__Task objective__: Only the lines from the beginning of the material below through the line with "Now in this" should be retyped exactly, and pictures are to be skipped.
*** Entries provided Section Begins ***
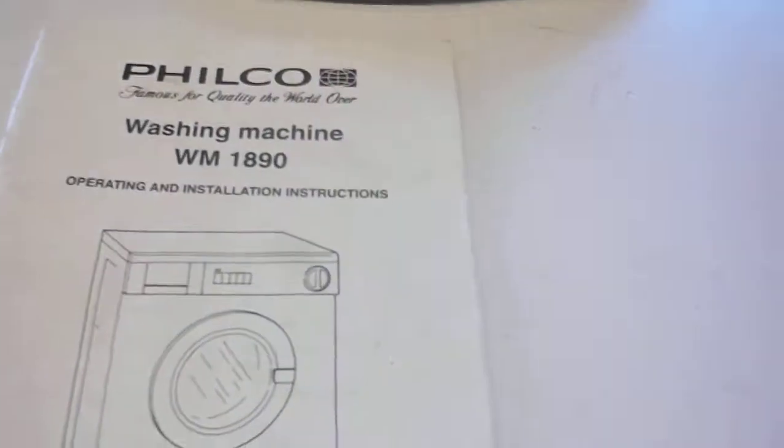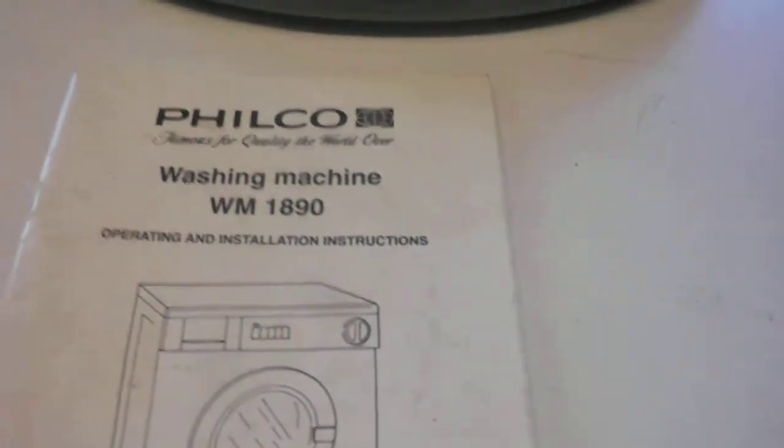This is a Velco, it's a WM1890 and it's 1100rpm.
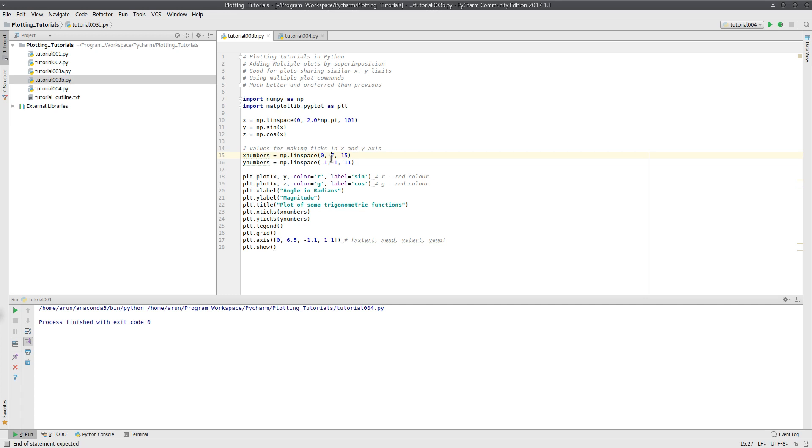Now in this tutorial we'll be looking at an example wherein the limits of the curves during multiple superimposition are vastly different.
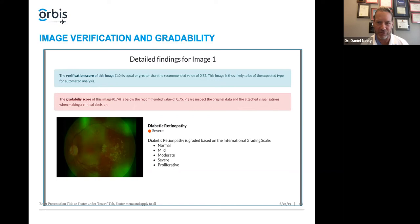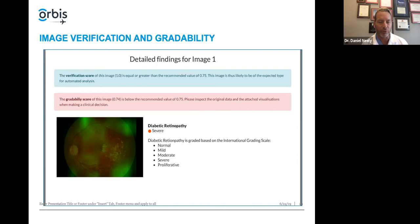Gradeability — this particular image is borderline on gradeability. Gradeability comes down to how clear the image is, what's in the field included. Basically, is this a good image that the AI software can process appropriately? Then the first finding is the diabetic retinopathy score. This was a really ugly-looking image — it had lots of exudates and hemorrhages. The neon green highlighted area shows the whole area is abnormal. In the estimate of the Pegasus software, this fundus image meets the criteria based on the international grading scales to have severe diabetic retinopathy.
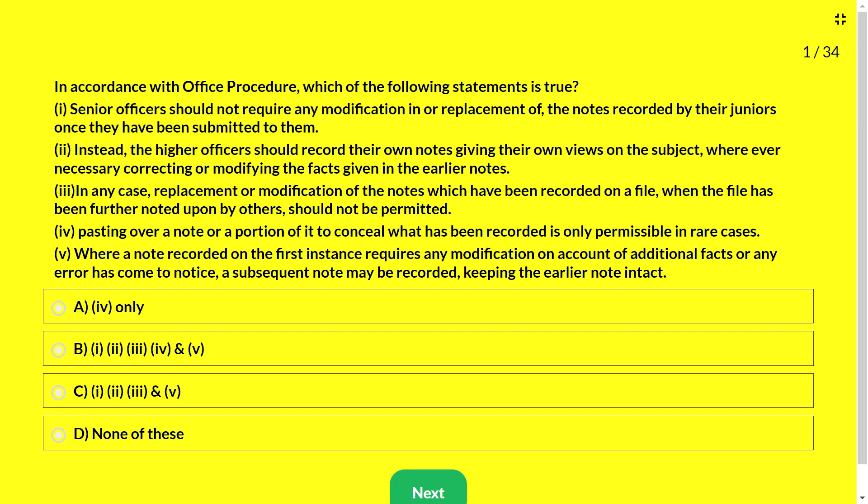We will look at MCQs on the Manual of Office Procedure, useful for IPO examination, PS Group B examination, and any other central government organization examinations. The efficiency of an organization depends to a large extent on adequate processes and procedures and the ability of its employees to follow them, including handling secretariat work with speed.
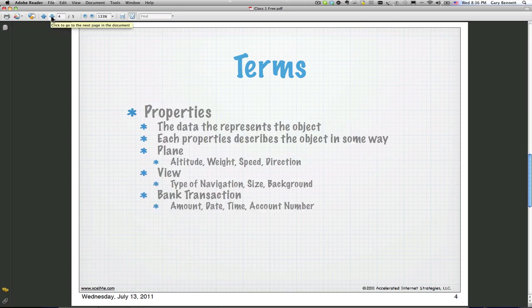Let's look at some properties. On our plane, properties might include altitude, weight, speed, and height — those are typically values that describe our object. In an iPhone or iPad app we're going to have a view. We may have a table object, and we may want to describe how many rows are in the table, what's in each cell, what image appears in each cell, and what font. Those are all going to be properties.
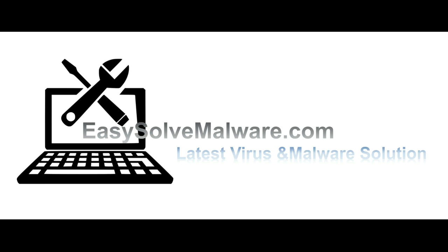That's all. Thank you watching the video from easy-solve-malware.com. We hope it solved your problem.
*** Entries provided Section Ends ***
__Answer below__:
This is a Velco, it's a WM1890 and it's 1100rpm.
Now in this tutorial we'll be looking at an example wherein the limits of the curves during multiple superimposition are vastly different.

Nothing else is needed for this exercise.